Exercise goal: The lines from the start of the records through the one containing "Image de 1 Pièce" are to be transcribed exactly, and nothing else.

Dataset extract:
┄┄┄┄┄┄
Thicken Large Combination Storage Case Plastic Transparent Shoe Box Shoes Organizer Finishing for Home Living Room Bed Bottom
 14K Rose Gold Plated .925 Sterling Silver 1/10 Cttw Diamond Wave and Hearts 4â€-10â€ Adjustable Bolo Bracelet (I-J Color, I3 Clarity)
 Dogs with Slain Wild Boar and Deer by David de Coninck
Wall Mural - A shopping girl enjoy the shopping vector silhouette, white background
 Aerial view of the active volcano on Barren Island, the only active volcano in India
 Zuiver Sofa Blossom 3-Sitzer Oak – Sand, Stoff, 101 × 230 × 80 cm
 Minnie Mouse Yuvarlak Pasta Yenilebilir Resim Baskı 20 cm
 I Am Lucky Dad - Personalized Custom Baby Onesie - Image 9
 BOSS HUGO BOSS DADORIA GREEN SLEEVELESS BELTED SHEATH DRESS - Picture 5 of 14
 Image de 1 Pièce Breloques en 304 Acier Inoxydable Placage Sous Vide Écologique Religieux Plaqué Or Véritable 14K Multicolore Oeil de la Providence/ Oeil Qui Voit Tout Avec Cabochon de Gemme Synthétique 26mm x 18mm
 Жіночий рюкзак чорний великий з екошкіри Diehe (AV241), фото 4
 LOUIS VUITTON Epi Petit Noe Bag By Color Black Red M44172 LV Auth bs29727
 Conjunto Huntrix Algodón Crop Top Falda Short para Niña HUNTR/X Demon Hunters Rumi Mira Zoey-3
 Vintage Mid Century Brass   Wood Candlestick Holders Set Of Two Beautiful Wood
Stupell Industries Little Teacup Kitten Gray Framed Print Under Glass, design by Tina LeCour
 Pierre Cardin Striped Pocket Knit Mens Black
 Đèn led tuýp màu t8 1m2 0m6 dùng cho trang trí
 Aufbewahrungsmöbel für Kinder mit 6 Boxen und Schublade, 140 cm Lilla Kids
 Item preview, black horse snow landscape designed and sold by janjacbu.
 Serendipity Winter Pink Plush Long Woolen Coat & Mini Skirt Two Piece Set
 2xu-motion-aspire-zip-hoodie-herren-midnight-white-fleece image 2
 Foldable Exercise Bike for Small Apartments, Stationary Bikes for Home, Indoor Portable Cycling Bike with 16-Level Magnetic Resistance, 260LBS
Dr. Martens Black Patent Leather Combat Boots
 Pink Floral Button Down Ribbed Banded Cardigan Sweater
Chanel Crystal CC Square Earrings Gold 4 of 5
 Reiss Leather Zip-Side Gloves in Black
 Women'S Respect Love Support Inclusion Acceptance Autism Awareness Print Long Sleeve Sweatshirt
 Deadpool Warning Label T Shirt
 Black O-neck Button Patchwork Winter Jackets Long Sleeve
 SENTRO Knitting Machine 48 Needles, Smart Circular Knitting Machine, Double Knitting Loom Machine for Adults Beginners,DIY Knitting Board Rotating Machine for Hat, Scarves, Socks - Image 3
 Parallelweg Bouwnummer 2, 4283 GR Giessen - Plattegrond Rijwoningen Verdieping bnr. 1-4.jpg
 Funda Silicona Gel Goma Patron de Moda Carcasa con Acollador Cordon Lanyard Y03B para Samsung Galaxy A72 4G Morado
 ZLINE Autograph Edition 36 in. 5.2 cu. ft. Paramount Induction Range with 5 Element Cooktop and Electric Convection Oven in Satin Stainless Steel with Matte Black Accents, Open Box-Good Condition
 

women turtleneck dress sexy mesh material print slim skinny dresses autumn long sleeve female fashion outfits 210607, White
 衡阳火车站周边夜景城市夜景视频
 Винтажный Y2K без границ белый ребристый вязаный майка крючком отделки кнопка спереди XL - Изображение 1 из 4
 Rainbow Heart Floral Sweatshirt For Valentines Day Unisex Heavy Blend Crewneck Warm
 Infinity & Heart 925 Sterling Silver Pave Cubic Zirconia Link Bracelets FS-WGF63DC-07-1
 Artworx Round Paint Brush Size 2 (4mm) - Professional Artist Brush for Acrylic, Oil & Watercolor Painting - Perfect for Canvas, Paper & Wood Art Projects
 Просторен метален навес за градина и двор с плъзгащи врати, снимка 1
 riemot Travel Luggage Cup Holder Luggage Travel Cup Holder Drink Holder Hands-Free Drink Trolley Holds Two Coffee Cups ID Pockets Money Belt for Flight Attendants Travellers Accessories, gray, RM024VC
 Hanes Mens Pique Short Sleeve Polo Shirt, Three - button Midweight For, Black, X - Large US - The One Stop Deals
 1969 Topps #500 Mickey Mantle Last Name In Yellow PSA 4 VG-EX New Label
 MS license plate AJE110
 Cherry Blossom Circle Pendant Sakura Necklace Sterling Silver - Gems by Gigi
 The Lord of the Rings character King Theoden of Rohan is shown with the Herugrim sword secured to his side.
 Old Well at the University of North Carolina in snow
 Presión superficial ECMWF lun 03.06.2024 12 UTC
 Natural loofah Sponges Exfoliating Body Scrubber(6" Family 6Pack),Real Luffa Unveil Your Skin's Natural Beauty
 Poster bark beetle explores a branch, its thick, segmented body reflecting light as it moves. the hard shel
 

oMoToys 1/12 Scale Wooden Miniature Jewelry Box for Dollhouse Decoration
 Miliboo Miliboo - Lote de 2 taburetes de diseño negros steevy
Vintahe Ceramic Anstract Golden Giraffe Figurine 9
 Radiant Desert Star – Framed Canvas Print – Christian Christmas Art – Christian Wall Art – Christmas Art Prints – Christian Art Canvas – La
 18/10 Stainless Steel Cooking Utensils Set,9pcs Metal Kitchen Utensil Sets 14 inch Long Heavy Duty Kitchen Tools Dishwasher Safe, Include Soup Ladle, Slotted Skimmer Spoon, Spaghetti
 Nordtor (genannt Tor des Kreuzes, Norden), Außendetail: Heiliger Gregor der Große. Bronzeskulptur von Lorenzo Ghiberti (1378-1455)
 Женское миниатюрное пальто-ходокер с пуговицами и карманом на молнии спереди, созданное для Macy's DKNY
┄┄┄┄┄┄
Response below:
Thicken Large Combination Storage Case Plastic Transparent Shoe Box Shoes Organizer Finishing for Home Living Room Bed Bottom
 14K Rose Gold Plated .925 Sterling Silver 1/10 Cttw Diamond Wave and Hearts 4â€-10â€ Adjustable Bolo Bracelet (I-J Color, I3 Clarity)
 Dogs with Slain Wild Boar and Deer by David de Coninck
Wall Mural - A shopping girl enjoy the shopping vector silhouette, white background
 Aerial view of the active volcano on Barren Island, the only active volcano in India
 Zuiver Sofa Blossom 3-Sitzer Oak – Sand, Stoff, 101 × 230 × 80 cm
 Minnie Mouse Yuvarlak Pasta Yenilebilir Resim Baskı 20 cm
 I Am Lucky Dad - Personalized Custom Baby Onesie - Image 9
 BOSS HUGO BOSS DADORIA GREEN SLEEVELESS BELTED SHEATH DRESS - Picture 5 of 14
 Image de 1 Pièce Breloques en 304 Acier Inoxydable Placage Sous Vide Écologique Religieux Plaqué Or Véritable 14K Multicolore Oeil de la Providence/ Oeil Qui Voit Tout Avec Cabochon de Gemme Synthétique 26mm x 18mm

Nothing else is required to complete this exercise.